O cabo ainda disse em seu depoimento que não teve a intenção de balear Nadson, “apenas de parar a motocicleta”. No entanto, depois que o rapaz parou o veículo e aparentemente iria desembarcar, Santos efetuou novo disparo pelas costas. Segundo ele, o tiro aconteceu porque teria ouvido um estampido que aparentava ser disparo de arma de fogo e não conseguia ver a mão direita de Nadson. Por isso, para “resguardar sua integridade física”, diz que atirou contra o jovem.
Santos disse para a Polícia Civil que atualmente trabalhava em serviços internos no 29º Batalhão, porque pediu para sair das atuações nas ruas por estar próximo de se aposentar, “motivo pelo qual jamais cometeria irregularidade”.
Conforme os depoimentos colhidos pela Polícia Civil, Nadson estava sendo perseguido por viaturas da Polícia Militar porque estava em uma motocicleta que havia sido roubada horas antes, na noite de sexta-feira (24). O dono da motocicleta — vítima do roubo — havia acionado a PM e, durante o patrulhamento, equipes policiais encontraram o veículo e iniciaram o acompanhamento.
Os depoimentos também indicam que em nenhum momento durante a perseguição policial teve a informação de que Nadson estaria armado. Depois que o rapaz foi baleado, as buscas dos policiais não localizaram nenhuma arma ou simulacro sob posse do jovem.
De acordo com a vítima do roubo, Nadson e um outro homem haviam chegado em um carro e o abordado. Um dos homens estaria armado e roubou, além da motocicleta, um aparelho celular. Os dois suspeitos teriam embarcado na moto roubada. Um vizinho teria informado que, pouco depois do crime, um dos homens retornou para o carro, enquanto o outro prosseguiu com a motocicleta roubada.
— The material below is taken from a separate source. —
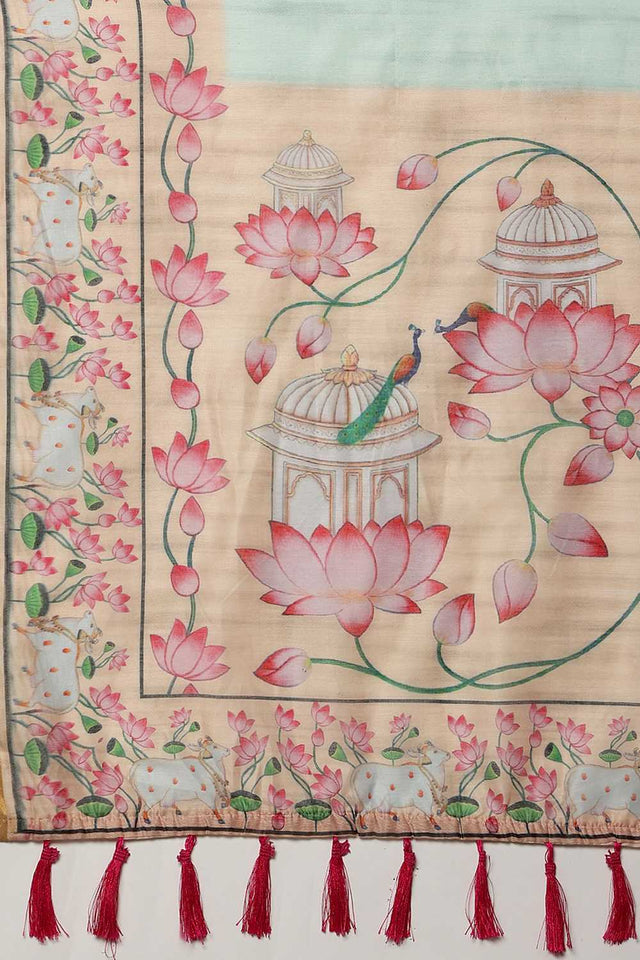 Turquoise Animal Printed Cotton Blend Ready to Wear Saree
Depois da perseguição e da morte de Nadson, policiais envolvidos na ocorrência teriam apresentado fotos do jovem morto pelo PM à vítima, que o reconheceu como autor do assalto.
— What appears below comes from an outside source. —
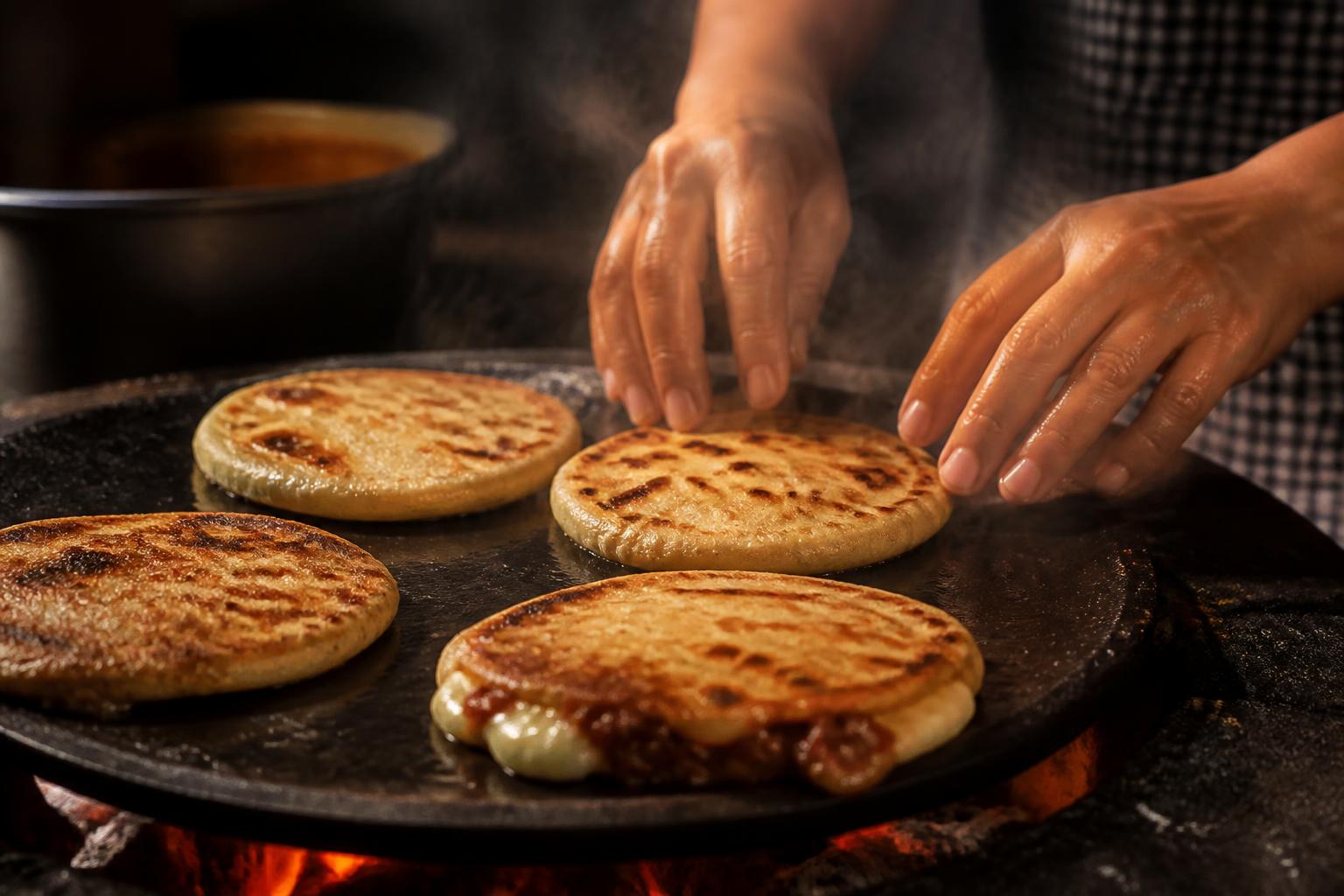 Hands griddling fresh pupusas on a hot comal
Na última sexta-feira, o Governo de São Paulo divulgou os dados de pessoas mortas por policiais militares no primeiro semestre de 2020. Segundo os dados, em seis meses, 498 pessoas foram mortas por PMs no Estado — sendo que 435 vítimas foram após supostos confrontos com policiais fardados.
Outro lado
Por meio de nota, a Polícia Militar e a Secretaria de Segurança Pública do Estado de São Paulo dizem que a própria PM e a Polícia Civil estão apurando todas as circunstâncias dos fatos. Foi instaurado um inquérito policial militar para atuar no esclarecimento do caso, segundo o governo paulista.
A reportagem solicitou à SSP-SP e Polícia Militar uma entrevista com o cabo da PM preso, no entanto ainda não houve retorno. A Ponte também tentou contato telefônico, por WhatsApp e por e-mail com o advogado Antônio Alexandre Dantas de Souza, que defende o PM Santos, mas não houve retorno.